Jul 10, 2006
In May, the United Nations Committee against Torture issued an 11-page report, documenting U.S. policies and methods of torture used against detainees around the world.
The report harshly condemned the torture and degrading treatment of detainees at Guantanamo, Abu Ghraib and numerous other prisons in Iraq and Afghanistan. It called for the investigation of senior military and civilian officials for their complicity in authorizing inhumane techniques, for the closing of Guantanamo, and for an end to secret prison sites in other countries.
When the report first came out, the U.S. media covered this part of the report. But this was only half the report. There was no mention of the other half, pointing to brutal treatment, often amounting to torture, of prison inmates right here in the United States. Other than a brief mention on BBC ... not a word on radio, TV or in newspapers. Not a squeak from politicians who have access to the full report.

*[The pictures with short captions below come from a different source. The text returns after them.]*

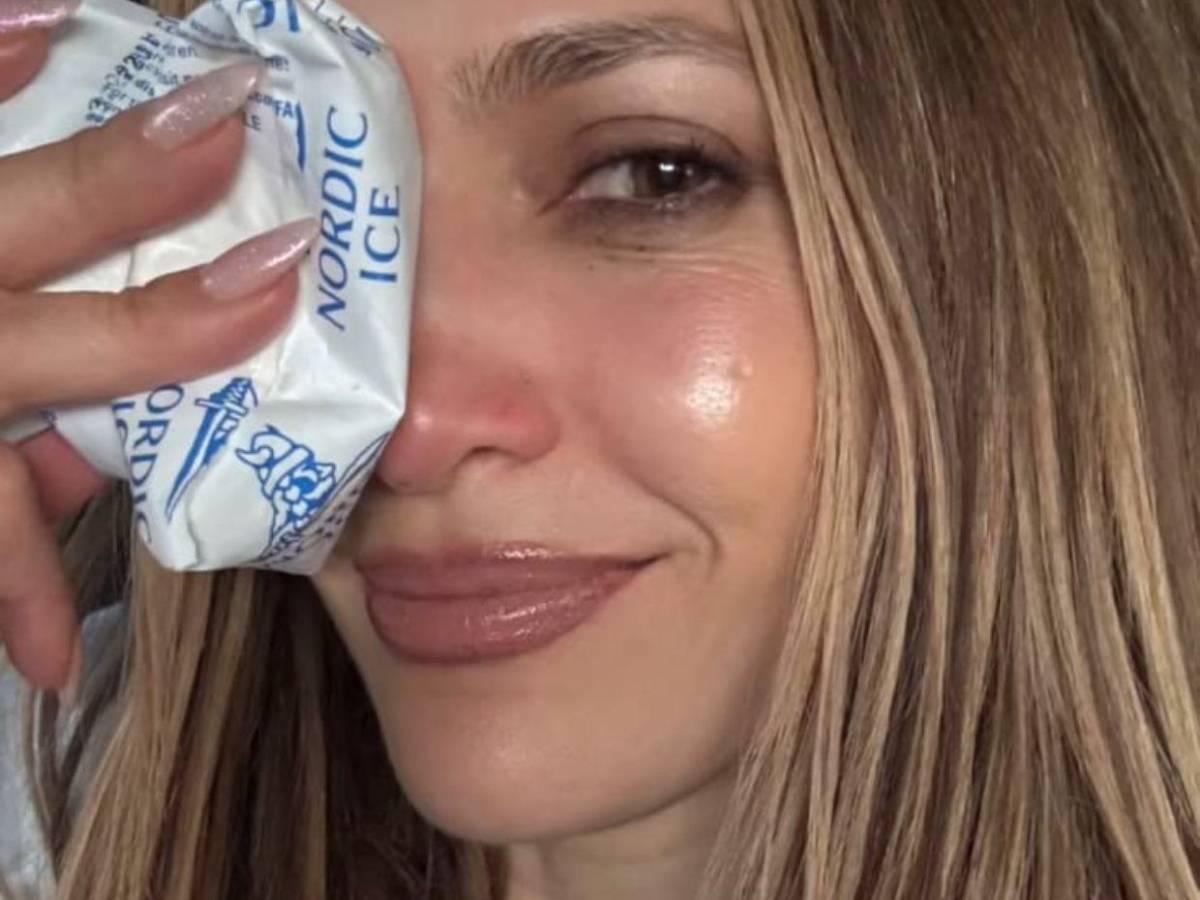 Jennifer López sufre lesión en el rostro tras un accidente en escenario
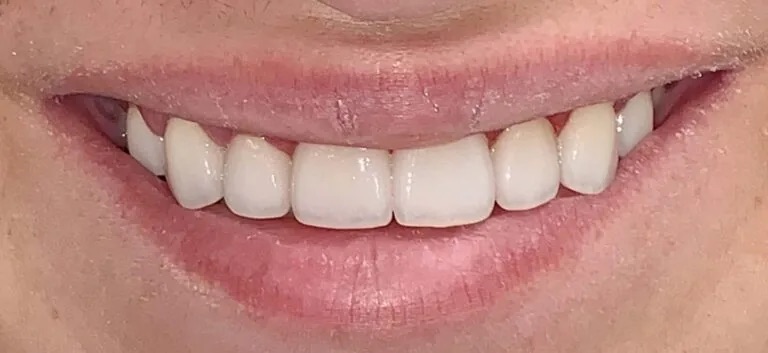 Winter Dental photo 5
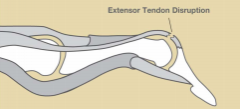 1. definition 
- Injured through passive DIP flexion with resisted extension
- May involve a fracture
2. Mx
- Immobilise DIP in 5-15° hyperextension with PIP jt free for 6-8/52
- ROM of unaffected joints
- At 8/52 commence gentle DIP F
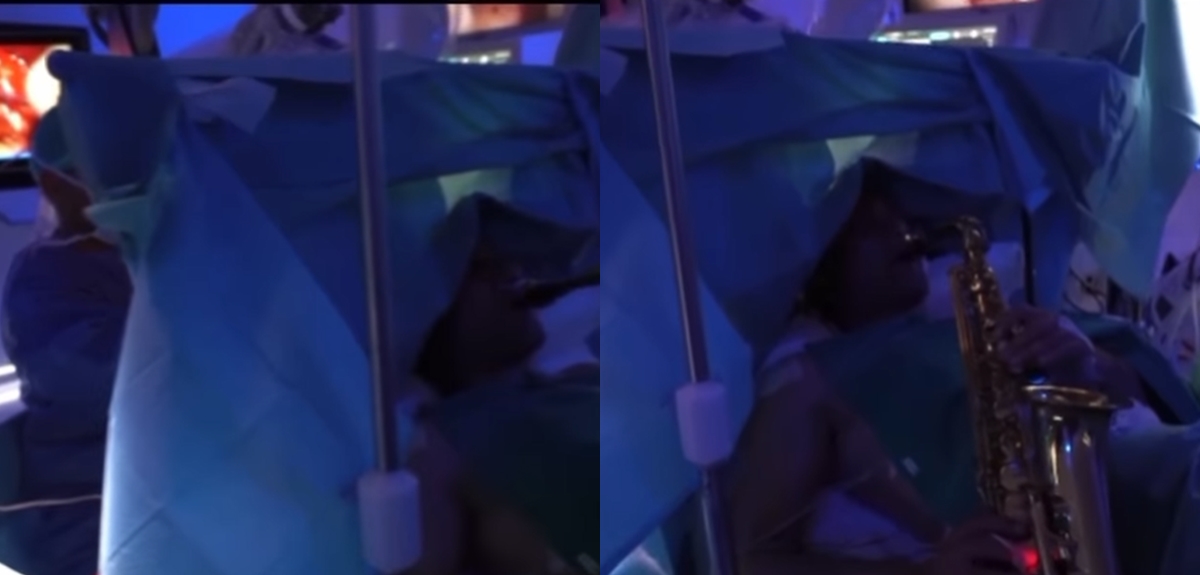 Hombre decidió tocar saxofón mientras cirujanos le extirpaban tumor cerebral en Italia
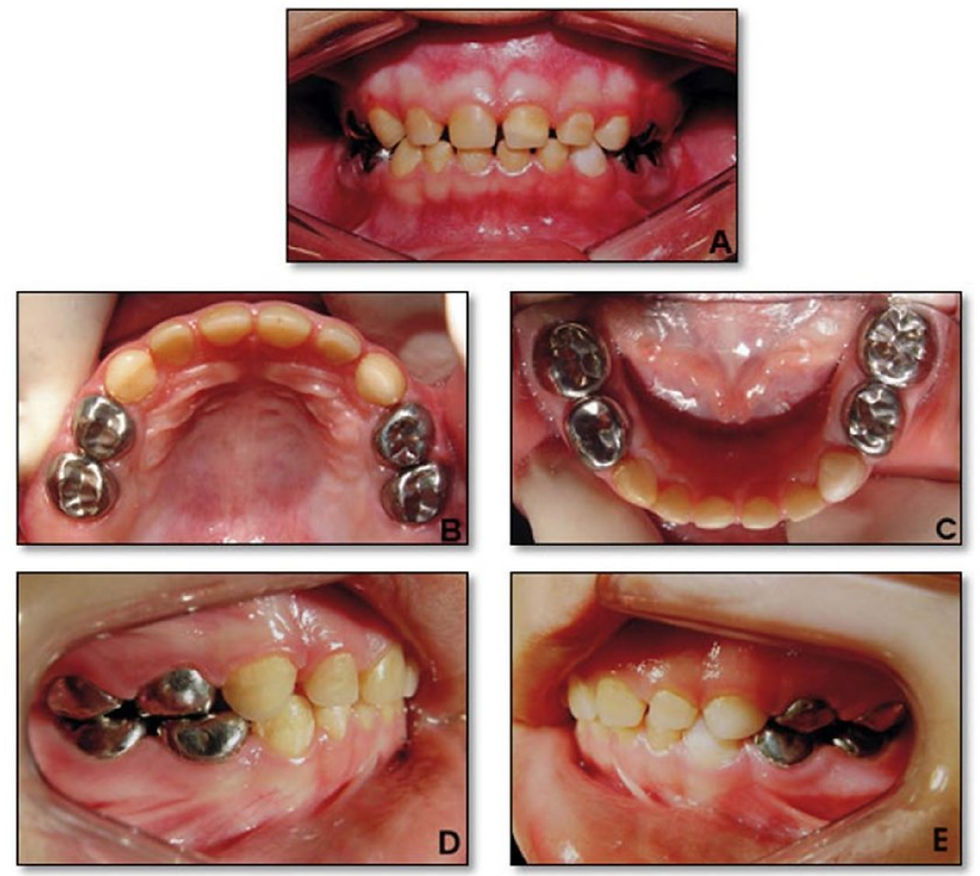11_Preformed Crowns.jpg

The report had an extensive list:
1. It pointed to the Chicago Police Department for acts of torture and degrading treatment of prisoners by law enforcement personnel and called for prompt investigation.
2. It criticized authorities for allowing rape and sexual assaults against inmates, commonplace in detention facilities across the country.
3. It pointed out that on all levels of detention – from immigration detention to pre-trial confinement to serving sentences in penitentiaries – “minorities, immigrants and persons of differing sexual orientation are particularly vulnerable” and meted out for violent and degrading treatment.
4. It criticized the practice in Supermax prisons of inmates being thrown into isolation cells for very long periods.
5. It described sexually humiliating treatment of women prisoners and denounced the shackling of women during childbirth.
6. It criticized the practice of putting children under 18 in with adult inmates during pre-trial and after-sentencing detention. And it showed that the U.S. is one of only a few countries which sentences large numbers of children to life imprisonment.
7. While the report did not take a stand against the death penalty, it condemned methods of execution, especially “lethal injections, as causing severe pain and suffering.”
No one believes the U.N. will do anything about U.S. government treatment of its own population. But the report at least demonstrates what many people in this country know: there is no “American dream,” only a nightmare for the poor.